Livro da memória que fomos resistindo, memória que se dá ao futuro nesse modo ágil de efabular, de se contar à lareira como se fora As Mil e Uma Noites do nosso descontentamento, sabendo, no entanto, que Uma gaivota guincha na manhã breve e que, de mãos dadas e serenos, a melodia futura dos sonhos ressoa algures no chão grado do nosso suor, e um dia de sol, de um Abril qualquer, desabrochará em canto colectivo.

O neo-realismo propôs-se, tanto na poesia como na prosa, ir ao encontro do país real, expurgá-lo, no seu esquivo corpo sensitivo e imagético, da ganga mentirosa, do ranço da retórica cínica e hipócrita em que o salazarismo o envolveu; denunciar, através da palavra e da arte em geral, a política do regime e estabelecer traços de solidariedade com o mundo dos oprimidos, dos excluídos, das massas anónimas e sem voz que o fascismo reduziu a uma existência larvar, à desumanização, à ignorância e ao temor do novo e do diferente. Uma literatura de acção, que tomava partido. Papiniano Carlos esteve sempre nessa trincheira da luta, assumindo a poesia desde Esboço, 1942; O Lutador, 1944; Poema da Fraternidade, 1945; Estrada Nova, 1946; Mãe Terra, 1948; e Uma Estrela Viaja na Cidade, 1958, e outros, como «prática política» no dizer de Joaquim Namorado.
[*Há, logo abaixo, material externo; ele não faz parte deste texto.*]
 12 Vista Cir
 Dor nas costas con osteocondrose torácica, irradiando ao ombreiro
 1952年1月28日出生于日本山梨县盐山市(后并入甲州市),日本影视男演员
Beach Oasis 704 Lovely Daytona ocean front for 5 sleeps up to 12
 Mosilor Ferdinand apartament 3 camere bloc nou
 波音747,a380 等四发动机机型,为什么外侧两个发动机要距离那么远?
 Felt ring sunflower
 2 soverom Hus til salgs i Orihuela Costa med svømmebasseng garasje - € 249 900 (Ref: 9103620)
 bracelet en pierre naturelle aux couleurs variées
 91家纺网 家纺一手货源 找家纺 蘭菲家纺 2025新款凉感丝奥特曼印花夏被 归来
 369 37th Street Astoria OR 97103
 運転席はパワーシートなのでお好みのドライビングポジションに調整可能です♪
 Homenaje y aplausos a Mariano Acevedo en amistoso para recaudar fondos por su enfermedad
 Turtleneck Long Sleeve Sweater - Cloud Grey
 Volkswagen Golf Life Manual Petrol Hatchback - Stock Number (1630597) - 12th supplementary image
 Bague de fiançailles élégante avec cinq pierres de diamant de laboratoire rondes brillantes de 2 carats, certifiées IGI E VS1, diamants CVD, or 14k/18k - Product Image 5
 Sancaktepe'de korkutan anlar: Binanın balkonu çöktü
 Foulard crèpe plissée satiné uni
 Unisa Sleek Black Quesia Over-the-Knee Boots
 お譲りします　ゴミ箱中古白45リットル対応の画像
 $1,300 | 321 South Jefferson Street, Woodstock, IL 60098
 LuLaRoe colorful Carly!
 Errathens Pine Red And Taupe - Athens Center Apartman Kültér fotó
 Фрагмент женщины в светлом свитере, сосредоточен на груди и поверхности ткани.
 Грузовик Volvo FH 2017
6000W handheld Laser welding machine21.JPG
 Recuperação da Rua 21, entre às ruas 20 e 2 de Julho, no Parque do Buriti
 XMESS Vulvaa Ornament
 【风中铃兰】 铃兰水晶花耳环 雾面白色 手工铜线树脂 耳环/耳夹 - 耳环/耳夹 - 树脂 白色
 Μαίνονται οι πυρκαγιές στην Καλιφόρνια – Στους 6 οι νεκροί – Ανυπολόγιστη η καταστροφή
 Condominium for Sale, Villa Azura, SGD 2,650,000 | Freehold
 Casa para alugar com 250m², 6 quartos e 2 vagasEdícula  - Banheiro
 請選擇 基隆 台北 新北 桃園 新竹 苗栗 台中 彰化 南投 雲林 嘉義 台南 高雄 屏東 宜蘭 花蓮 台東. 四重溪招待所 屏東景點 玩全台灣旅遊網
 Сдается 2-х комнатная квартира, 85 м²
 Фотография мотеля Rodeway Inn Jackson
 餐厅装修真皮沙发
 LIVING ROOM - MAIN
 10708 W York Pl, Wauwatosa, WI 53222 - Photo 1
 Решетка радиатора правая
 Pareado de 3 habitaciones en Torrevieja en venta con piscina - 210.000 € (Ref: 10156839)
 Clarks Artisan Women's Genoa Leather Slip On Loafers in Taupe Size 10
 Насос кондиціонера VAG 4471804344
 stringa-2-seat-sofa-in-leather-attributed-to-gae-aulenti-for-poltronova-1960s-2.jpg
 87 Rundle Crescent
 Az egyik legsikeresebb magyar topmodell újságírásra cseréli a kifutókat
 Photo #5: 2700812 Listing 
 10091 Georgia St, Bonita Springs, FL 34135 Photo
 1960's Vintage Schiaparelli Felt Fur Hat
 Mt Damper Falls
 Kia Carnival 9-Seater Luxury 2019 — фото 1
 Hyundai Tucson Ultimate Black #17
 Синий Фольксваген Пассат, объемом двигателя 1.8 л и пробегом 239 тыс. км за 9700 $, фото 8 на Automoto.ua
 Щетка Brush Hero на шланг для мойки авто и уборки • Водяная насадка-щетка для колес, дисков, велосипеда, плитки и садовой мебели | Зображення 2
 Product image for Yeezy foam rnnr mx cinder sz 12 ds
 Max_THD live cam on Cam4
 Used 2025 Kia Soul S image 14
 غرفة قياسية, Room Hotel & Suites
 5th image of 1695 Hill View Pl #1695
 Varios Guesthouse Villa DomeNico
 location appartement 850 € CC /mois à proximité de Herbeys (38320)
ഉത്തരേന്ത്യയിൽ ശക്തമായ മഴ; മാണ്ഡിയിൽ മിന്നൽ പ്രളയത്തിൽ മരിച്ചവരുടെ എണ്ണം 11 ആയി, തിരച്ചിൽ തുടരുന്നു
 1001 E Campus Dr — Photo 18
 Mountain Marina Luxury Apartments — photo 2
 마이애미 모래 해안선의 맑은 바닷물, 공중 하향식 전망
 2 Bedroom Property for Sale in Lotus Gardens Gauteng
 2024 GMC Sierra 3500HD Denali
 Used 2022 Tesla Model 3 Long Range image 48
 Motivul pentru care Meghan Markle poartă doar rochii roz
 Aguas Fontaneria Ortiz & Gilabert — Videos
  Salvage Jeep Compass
Poesia que emerge, pela força metafórica, pela natureza variável/das palavras (Carlos de Oliveira), por esse rumor do tempo futuro em que o verbo assenta, pela transposição crítica do real, pelas suas perenes ressonâncias (o amor, a amizade, a dádiva, a memória) que a configura, de modelos de prestígio e de inquestionável importância planetária que lhe são afins: Aragon, Alberti, Neruda, Nazim Ikhemet, Éluard, Nicolás Guillén, Maiakovski, etc..

Apesar do desnorte, da cupidez que campeia em grande parte do sector editorial indígena, existem, esparsos, cadinhos de oxigénio que nos alimentam e deixam respirar a plenos pulmões. A Associação de Jornalistas e Homens de Letras do Porto (AJHLP), responsável pela presente edição de As Florestas e os Ventos, de Papiniano Carlos, é um desses casos.

Regresso, para terminar este apontamento, ao texto de Bruno Monteiro que acompanha esta edição do livro de Papiniano Carlos – livro que das trevas se ergueu, desde o dia em que os esbirros levaram o poeta/para de encontro às trevas o esmagarem, para encontrar finalmente a luz dos dias levantados: «Na sua comemoração, menos proclamada do que praticada, dos 40 anos da Revolução, a AJHLP procura somente mostrar que na construção de um país em liberdade resta sempre qualquer coisa a fazer. Voltar finalmente a imprimir a obra de Papiniano Carlos não é, por isso, um “lamento” sobre o passado: é, sim, a tentativa de superar positivamente, corrigindo-a como pudermos, a repressão do Estado Novo sobre a cultura portuguesa».

Propósito amplamente conseguido, portanto.